## Exercise
What is needed is an exact copy of the lines from the one containing "молекула духа Армянск" through the last line of the records below, with no pictures.

## Records provided
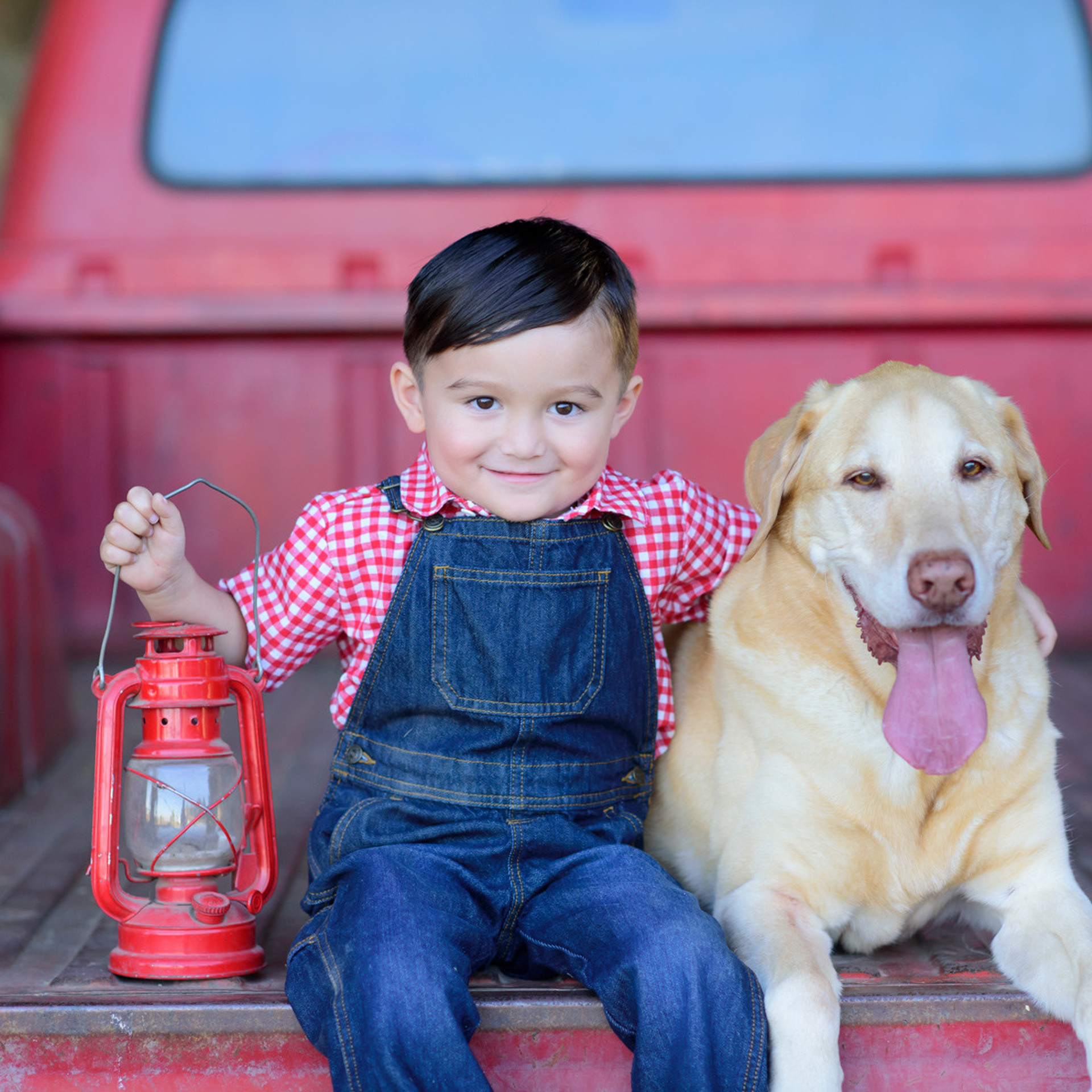 Stories. Family photographer in Roseville, Rocklin, Folsom, Sacramento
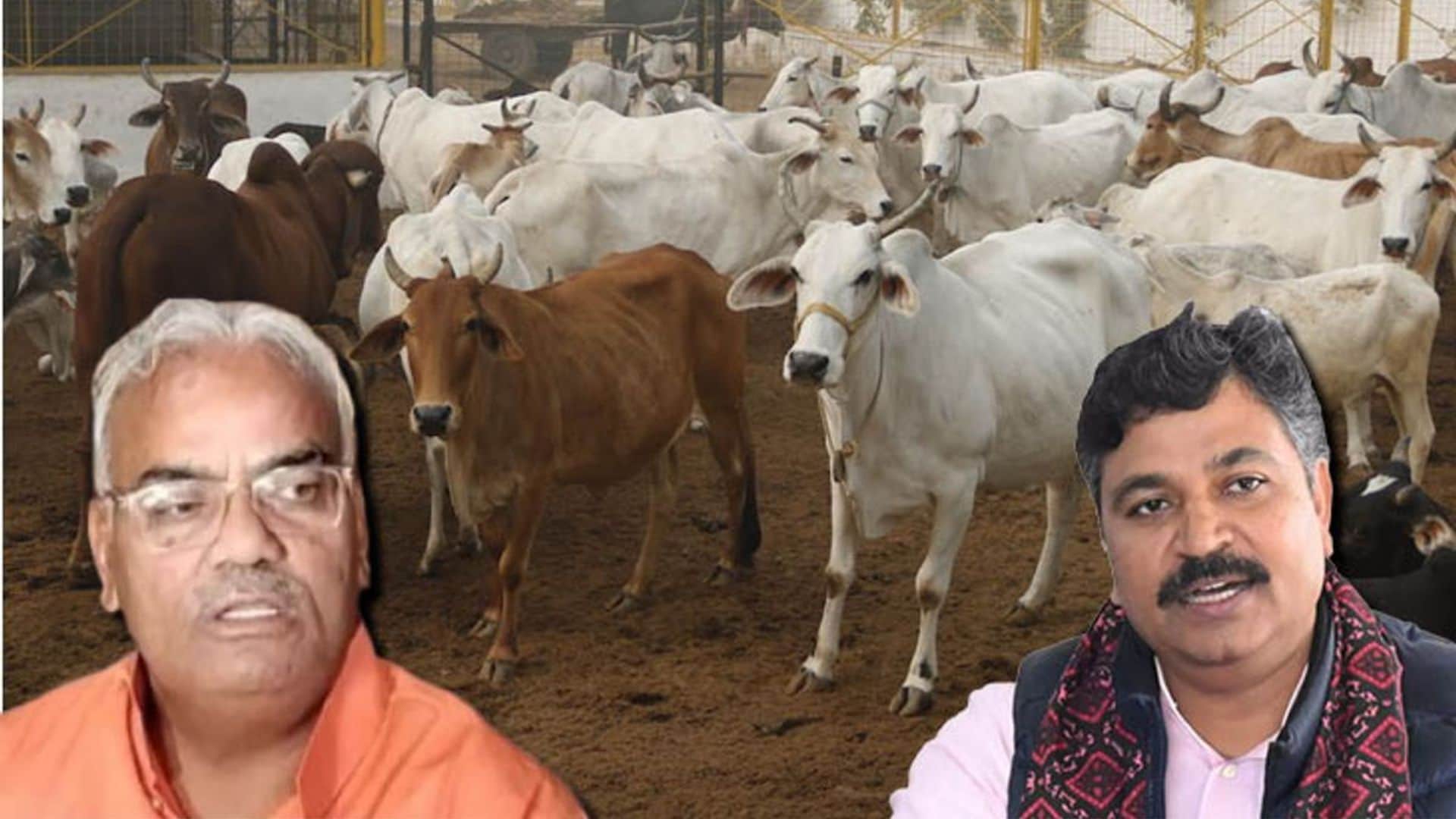 मंत्री मदन दिलावर और नेता प्रतिपक्ष टीकाराम जूली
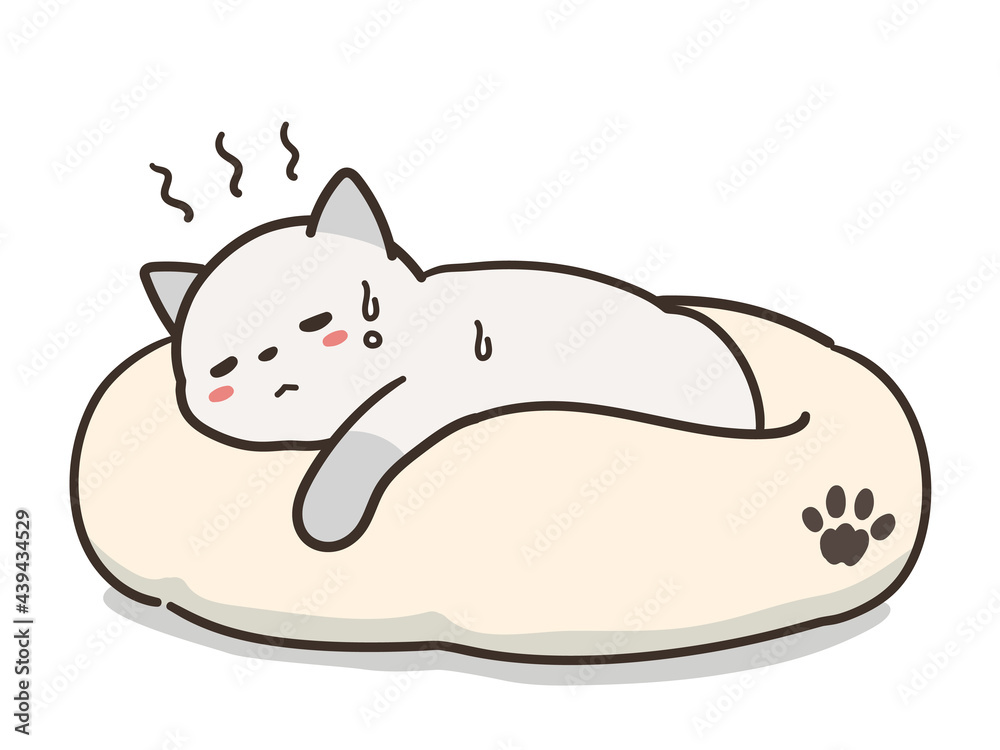 体調不良の猫 ペットベッド 体調不良の猫 ペットベッド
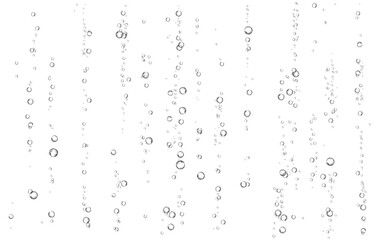 Oxygen air bubbles  flow  in water on white  background.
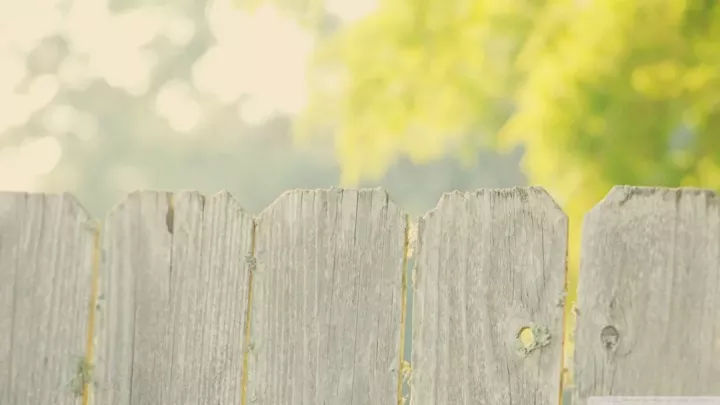 20句情话句子,逗女朋友开心的套路段子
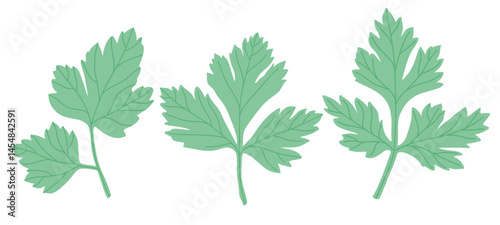  Celery leaves icon set in the flat style on white background.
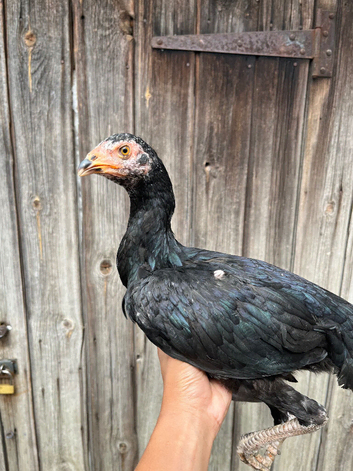 Black aseel x hint /shamo pullet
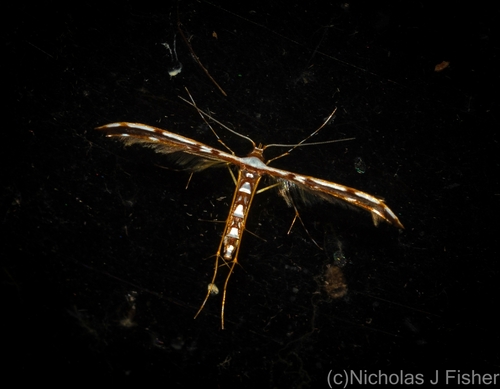 Cosmoclostis aglaodesma Meyrick, 1886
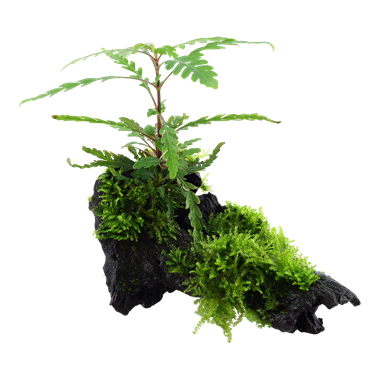 Hygrophila pinnatifida and moss Tropica on Wood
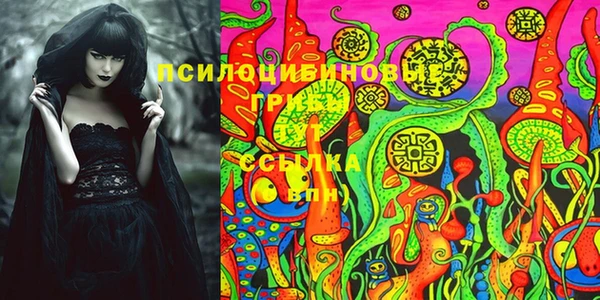 молекула духа Армянск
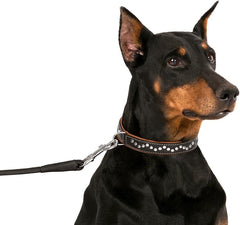CollarDirect handmade leather dog collar assembly highlights craftsmanship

## Answer for the task
 молекула духа Армянск
CollarDirect handmade leather dog collar assembly highlights craftsmanship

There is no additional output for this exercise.